THYP charges 0.30% and BHYP comes in at 0.34%, with some initial fee waivers reported for early investors. Those waivers signal what's coming next.
Contrast with Bitcoin
The timing is striking. Bitcoin products alone saw more than $1 billion in outflows during a single week in the same period. While Bitcoin and Ether ETFs have faced headwinds, capital is flowing toward this smaller, newer token. That's not typical market behavior.
"Analysts have pointed to the inflows as evidence of genuine, organic interest rather than speculative froth." — Crypto Briefing
The appeal of 24/7 trading access through an ETF wrapper has also been cited as a factor. Hyperliquid's perpetual futures market runs around the clock. An ETF wrapper lets institutional investors access that exposure without managing custody or derivatives accounts.
The Grayscale Wildcard
Grayscale is reportedly moving toward launching its own Hyperliquid-linked product, potentially structured as a staking ETF. That would add a yield component that the existing spot products don't offer.
Three major issuers competing for flows into the same altcoin token would be unprecedented. The early fee waivers from 21Shares and Bitwise suggest they're already thinking about this.
Liquidity and Risk
Here's the catch.
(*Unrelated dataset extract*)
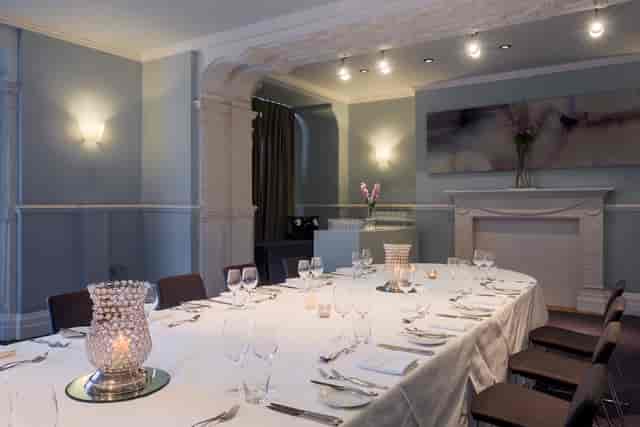 Elegant dining room at The Minories, Andaz London for intimate gatherings and corporate dinners.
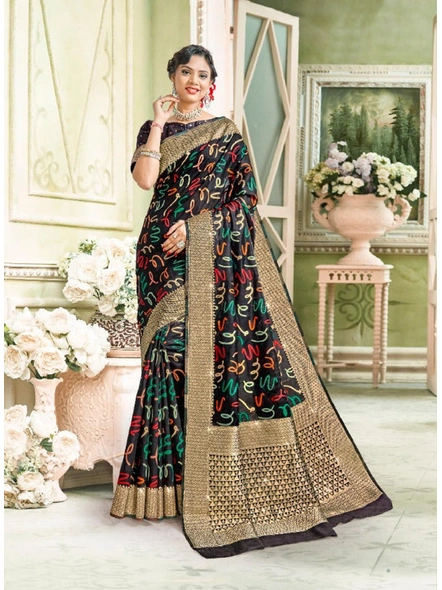 Chanderi Silk Saree in Black-E617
HYPE is a smaller-cap token with thinner liquidity in spot markets, which means the ETF itself could face tracking challenges during periods of high volatility. The inflows are real. The risk profile is also meaningfully different from holding Bitcoin or Ether through an ETF.
The story here isn't hype—it's capital rotation. Institutional money is moving, and the ETF wrapper is making it easier to move toward assets beyond the big two.